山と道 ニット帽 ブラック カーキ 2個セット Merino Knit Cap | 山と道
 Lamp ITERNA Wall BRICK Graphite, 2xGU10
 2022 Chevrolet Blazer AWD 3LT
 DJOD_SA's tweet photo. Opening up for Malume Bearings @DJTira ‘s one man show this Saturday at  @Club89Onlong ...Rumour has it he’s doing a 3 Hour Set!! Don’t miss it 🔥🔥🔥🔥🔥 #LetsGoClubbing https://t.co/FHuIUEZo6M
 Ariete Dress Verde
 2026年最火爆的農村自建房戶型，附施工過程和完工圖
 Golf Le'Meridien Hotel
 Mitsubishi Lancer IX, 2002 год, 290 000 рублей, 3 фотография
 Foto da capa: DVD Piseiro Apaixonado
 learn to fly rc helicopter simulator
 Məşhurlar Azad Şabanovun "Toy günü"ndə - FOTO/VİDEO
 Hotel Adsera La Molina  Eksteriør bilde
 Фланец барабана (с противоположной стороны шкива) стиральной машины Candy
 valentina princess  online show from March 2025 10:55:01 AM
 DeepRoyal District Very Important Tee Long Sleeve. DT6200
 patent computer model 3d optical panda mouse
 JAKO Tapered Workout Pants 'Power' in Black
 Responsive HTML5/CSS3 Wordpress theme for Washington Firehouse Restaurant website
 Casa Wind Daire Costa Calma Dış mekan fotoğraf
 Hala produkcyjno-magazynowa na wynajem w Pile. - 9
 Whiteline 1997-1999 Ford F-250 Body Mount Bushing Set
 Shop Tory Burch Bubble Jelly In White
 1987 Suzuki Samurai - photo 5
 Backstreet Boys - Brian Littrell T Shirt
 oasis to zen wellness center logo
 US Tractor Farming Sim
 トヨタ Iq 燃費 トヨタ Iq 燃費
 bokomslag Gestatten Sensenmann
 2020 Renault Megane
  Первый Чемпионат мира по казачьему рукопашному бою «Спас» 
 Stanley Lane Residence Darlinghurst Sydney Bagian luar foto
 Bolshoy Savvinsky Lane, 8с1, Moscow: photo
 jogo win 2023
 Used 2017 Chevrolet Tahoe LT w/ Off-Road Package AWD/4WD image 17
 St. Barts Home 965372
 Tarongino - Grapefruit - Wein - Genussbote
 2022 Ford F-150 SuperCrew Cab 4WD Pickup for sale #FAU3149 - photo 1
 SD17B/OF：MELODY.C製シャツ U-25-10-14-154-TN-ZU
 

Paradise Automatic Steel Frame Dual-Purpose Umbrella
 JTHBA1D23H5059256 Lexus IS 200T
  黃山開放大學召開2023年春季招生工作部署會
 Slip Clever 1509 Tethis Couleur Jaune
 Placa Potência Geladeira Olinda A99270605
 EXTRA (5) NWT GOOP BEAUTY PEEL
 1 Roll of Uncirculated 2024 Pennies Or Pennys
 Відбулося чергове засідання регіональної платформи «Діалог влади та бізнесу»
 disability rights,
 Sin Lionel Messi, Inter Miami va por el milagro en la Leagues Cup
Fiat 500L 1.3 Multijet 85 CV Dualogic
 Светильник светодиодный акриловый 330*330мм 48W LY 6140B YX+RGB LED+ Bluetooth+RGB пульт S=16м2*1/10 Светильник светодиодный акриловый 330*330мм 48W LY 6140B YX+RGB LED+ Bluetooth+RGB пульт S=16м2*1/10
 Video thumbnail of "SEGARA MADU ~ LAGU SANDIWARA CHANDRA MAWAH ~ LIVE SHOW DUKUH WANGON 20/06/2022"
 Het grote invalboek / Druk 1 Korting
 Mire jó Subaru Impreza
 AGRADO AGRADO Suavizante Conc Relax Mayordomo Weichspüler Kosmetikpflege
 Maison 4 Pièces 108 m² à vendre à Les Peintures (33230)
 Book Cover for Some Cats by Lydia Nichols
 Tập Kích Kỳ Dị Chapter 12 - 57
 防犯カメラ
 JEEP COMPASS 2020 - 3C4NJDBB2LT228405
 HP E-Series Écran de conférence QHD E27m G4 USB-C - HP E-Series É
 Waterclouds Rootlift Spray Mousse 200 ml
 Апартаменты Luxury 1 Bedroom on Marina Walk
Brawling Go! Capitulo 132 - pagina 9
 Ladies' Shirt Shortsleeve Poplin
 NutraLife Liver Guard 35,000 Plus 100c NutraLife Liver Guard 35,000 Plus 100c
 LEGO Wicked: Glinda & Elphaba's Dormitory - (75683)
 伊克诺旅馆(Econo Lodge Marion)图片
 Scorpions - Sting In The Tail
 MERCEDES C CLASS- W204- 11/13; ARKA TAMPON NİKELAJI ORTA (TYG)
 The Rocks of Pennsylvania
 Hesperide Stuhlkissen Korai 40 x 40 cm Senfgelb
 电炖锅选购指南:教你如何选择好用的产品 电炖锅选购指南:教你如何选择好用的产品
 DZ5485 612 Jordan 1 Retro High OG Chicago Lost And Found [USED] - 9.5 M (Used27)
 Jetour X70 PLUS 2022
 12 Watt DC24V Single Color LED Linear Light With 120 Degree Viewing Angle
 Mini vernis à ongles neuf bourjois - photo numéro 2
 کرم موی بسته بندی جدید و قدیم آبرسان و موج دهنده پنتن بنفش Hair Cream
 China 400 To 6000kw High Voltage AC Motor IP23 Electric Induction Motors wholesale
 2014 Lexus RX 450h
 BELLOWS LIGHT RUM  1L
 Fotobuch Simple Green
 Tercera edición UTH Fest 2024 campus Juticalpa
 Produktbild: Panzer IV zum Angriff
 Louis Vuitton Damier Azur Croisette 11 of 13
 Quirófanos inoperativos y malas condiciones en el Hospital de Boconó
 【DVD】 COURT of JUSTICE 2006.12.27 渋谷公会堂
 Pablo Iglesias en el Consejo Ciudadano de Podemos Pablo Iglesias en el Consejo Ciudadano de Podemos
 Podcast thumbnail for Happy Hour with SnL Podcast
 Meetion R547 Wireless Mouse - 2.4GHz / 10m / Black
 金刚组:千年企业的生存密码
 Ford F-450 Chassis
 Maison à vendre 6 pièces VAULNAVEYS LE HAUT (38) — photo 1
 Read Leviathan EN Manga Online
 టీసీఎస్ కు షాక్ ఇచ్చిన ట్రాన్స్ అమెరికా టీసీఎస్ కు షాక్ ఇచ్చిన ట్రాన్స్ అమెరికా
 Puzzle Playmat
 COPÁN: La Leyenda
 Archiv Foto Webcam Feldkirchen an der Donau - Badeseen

# [WHAT NEEDS TO BE DONE]
Reproduce exactly the entries above, limited to the lines from the one with "St. Barts Home 965372" through the one with "Video thumbnail of", both included.

# [ANSWER SECTION]
 St. Barts Home 965372
 Tarongino - Grapefruit - Wein - Genussbote
 2022 Ford F-150 SuperCrew Cab 4WD Pickup for sale #FAU3149 - photo 1
 SD17B/OF：MELODY.C製シャツ U-25-10-14-154-TN-ZU
 

Paradise Automatic Steel Frame Dual-Purpose Umbrella
 JTHBA1D23H5059256 Lexus IS 200T
  黃山開放大學召開2023年春季招生工作部署會
 Slip Clever 1509 Tethis Couleur Jaune
 Placa Potência Geladeira Olinda A99270605
 EXTRA (5) NWT GOOP BEAUTY PEEL
 1 Roll of Uncirculated 2024 Pennies Or Pennys
 Відбулося чергове засідання регіональної платформи «Діалог влади та бізнесу»
 disability rights,
 Sin Lionel Messi, Inter Miami va por el milagro en la Leagues Cup
Fiat 500L 1.3 Multijet 85 CV Dualogic
 Светильник светодиодный акриловый 330*330мм 48W LY 6140B YX+RGB LED+ Bluetooth+RGB пульт S=16м2*1/10 Светильник светодиодный акриловый 330*330мм 48W LY 6140B YX+RGB LED+ Bluetooth+RGB пульт S=16м2*1/10
 Video thumbnail of "SEGARA MADU ~ LAGU SANDIWARA CHANDRA MAWAH ~ LIVE SHOW DUKUH WANGON 20/06/2022"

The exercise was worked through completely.